Alternative Anlagen
6. September 2019

Energie- und Umweltverbände verabschieden Zehn-Punkte-Plan zur Windenergie

Windgipfel der Bundesregierung ohne konkrete Ergebnisse. Handfeste Krise der deutschen Windenergie.

Eine Reihe von Wirtschafts- und Umweltverbänden haben einen Zehn-Punkte-Plan zur Stärkung der Windenergie vorgelegt. Das Papier sieht zehn Maßnahmen vor, um die größten Hemmnisse beim Ausbau der Windenergie in Deutschland zu beseitigen.

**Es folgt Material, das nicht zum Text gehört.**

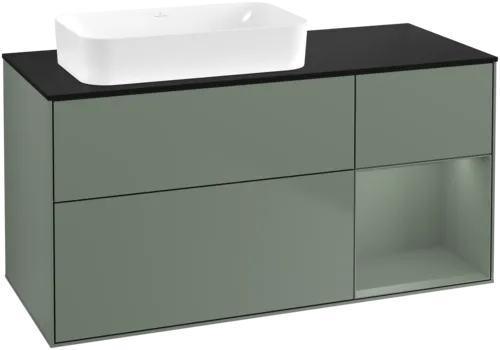 VILLEROY BOCH Toaletní skříňka Finion, s osvětlením, 3 výsuvy, 1200 x 603 x 501 mm, olivově matný lak / olivově matný lak / sklo černé matné #F692GMGM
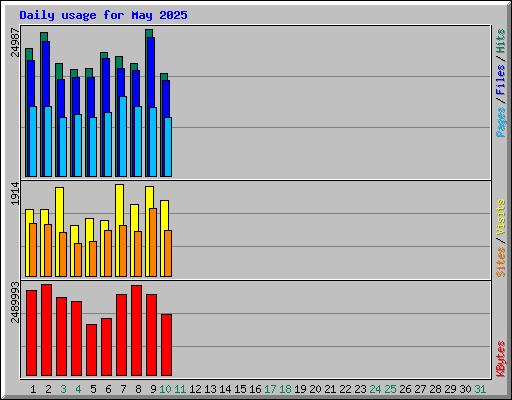 Daily usage for May 2025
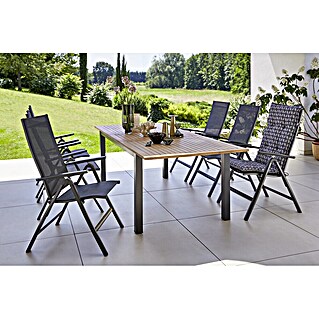 Sunfun Gartenmöbel-Set Carina/Maja (7 -tlg., Akazie/Textilen/Metall, Naturbraun/Anthrazit, Gartenstuhl klappbar)
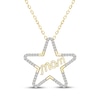 Thumbnail Image 1 of Diamond &quot;Mom&quot; Star Necklace 1/6 ct tw 10K Yellow Gold 18&quot;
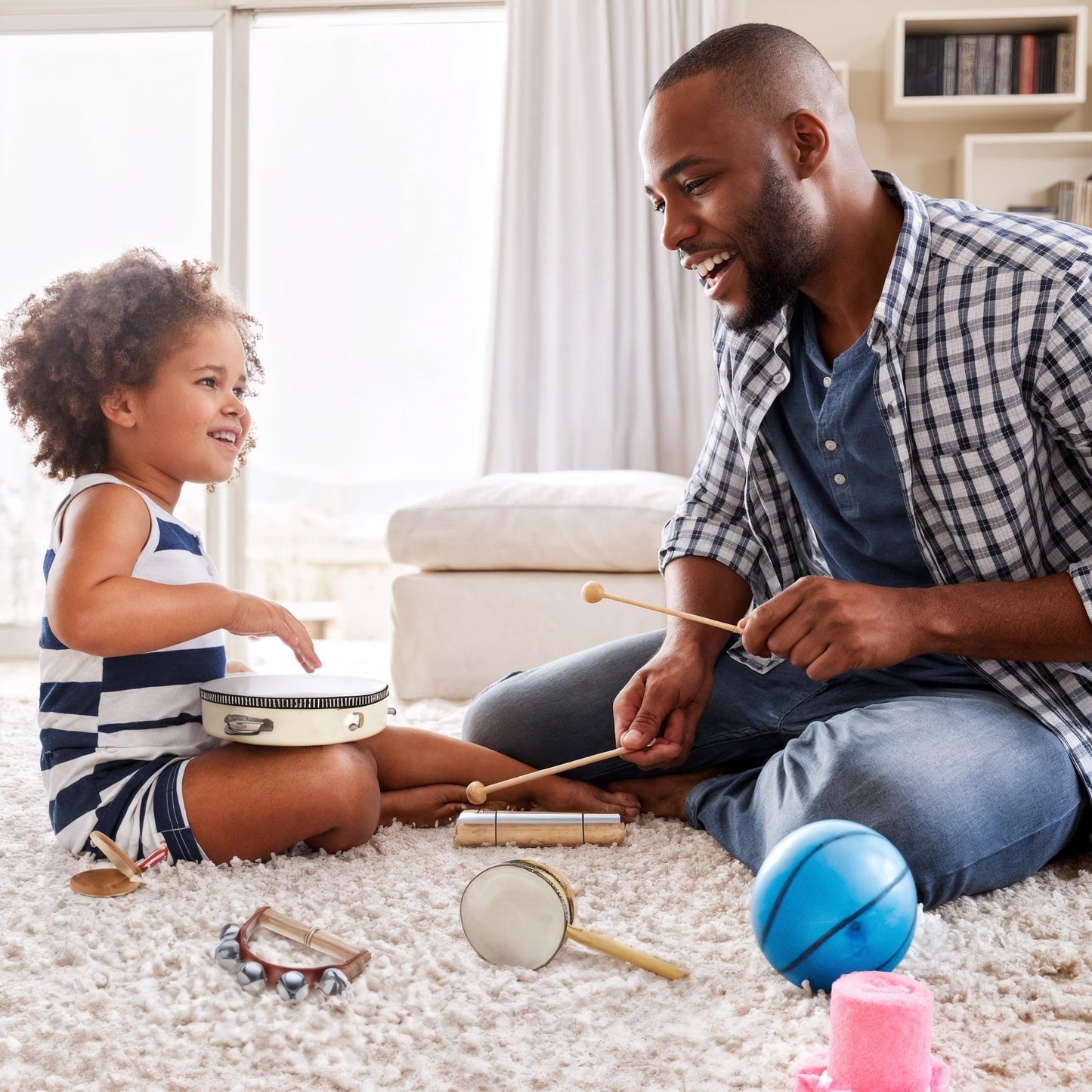 Stoie's Wooden Toddler Musical Instruments with Drum, Hand Bells, Flute, Maracas, Castanet, Tamburine, for Babies and Kids, Eco Friendly Montessori Educational Toy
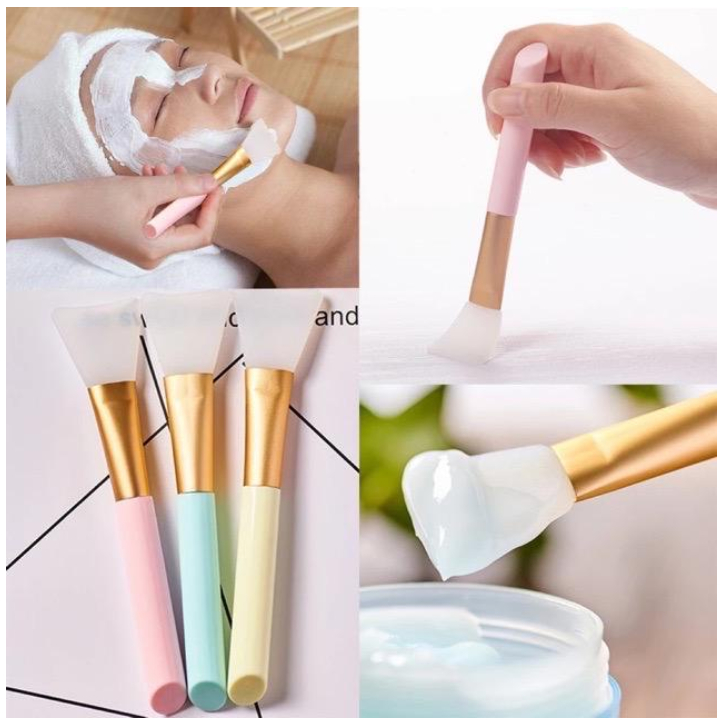 A624 KUAS MASKER SILIKON gagang pastel silicone brush maskeran bubuk bilas gel lembut karet halus make up aksesoris alat kecantikan perawatan tubuh badan muka wajah karet plastik warna warni pastel lucu imut salon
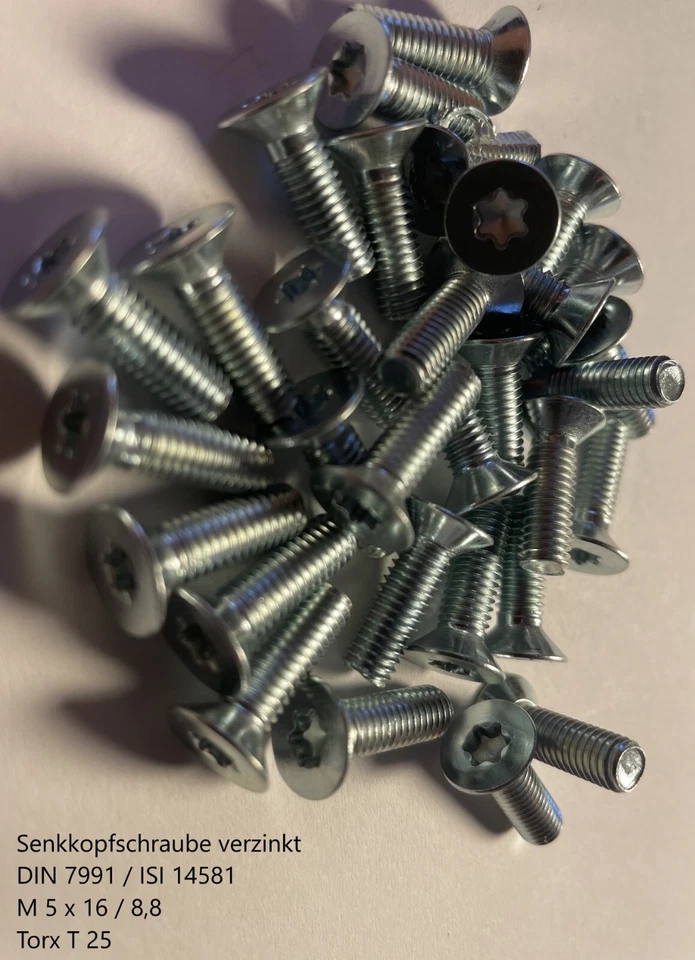 M5x16 DIN 7991 ISO 14581 Senkschrauben Torx 25 Senkkopfschrauben verzinkt 2802 - Bild 1 von 1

Die Veröffentlichung erfolgte vor dem Windgipfel der Bundesregierung, der ohne konkrete Ergebnisse blieb. Die Verbände BDEW, BWE, VDMA Power Systems und VKU sowie die Umweltschutzorganisationen Greenpeace, Germanwatch, WWF und DUH appellierten an die beteiligten legislativen Akteure, ein klares Bekenntnis zum Ausbau der Erneuerbaren Energien und des Klimaschutzes abzugeben.

Ausbau stockt

Bezüglich der aktuellen Lage kamen sie zu alarmierenden Befunden: „Die Genehmigungssituation und die jüngsten Ausschreibungsergebnisse stehen in scharfem Kontrast zu dem notwendigen Ausbaupfad in Richtung des Ziels, 65 Prozent des Strombedarfs bis 2030 aus Erneuerbaren Energien zu bestreiten.“ Das 65-Prozent-Ziel stammt aus dem Abschlussbericht der Kommission „Wachstum, Strukturwandel und Beschäftigung“ („Kohle-Kommission“) und entspricht auch dem Ziel des Bundeswirtschaftsministeriums, um Versorgungssicherheit nach einem Kohleausstieg zu gewährleisten. Nachdem im Jahr 2017 laut Zahlen des IWR mit über 5.300 Megawatt noch ein Rekordergebnis beim Ausbau der Windenergie an Land erzielt werden konnte, ging 2018 der Ausbau auf rund 2.400 Megawatt zurück.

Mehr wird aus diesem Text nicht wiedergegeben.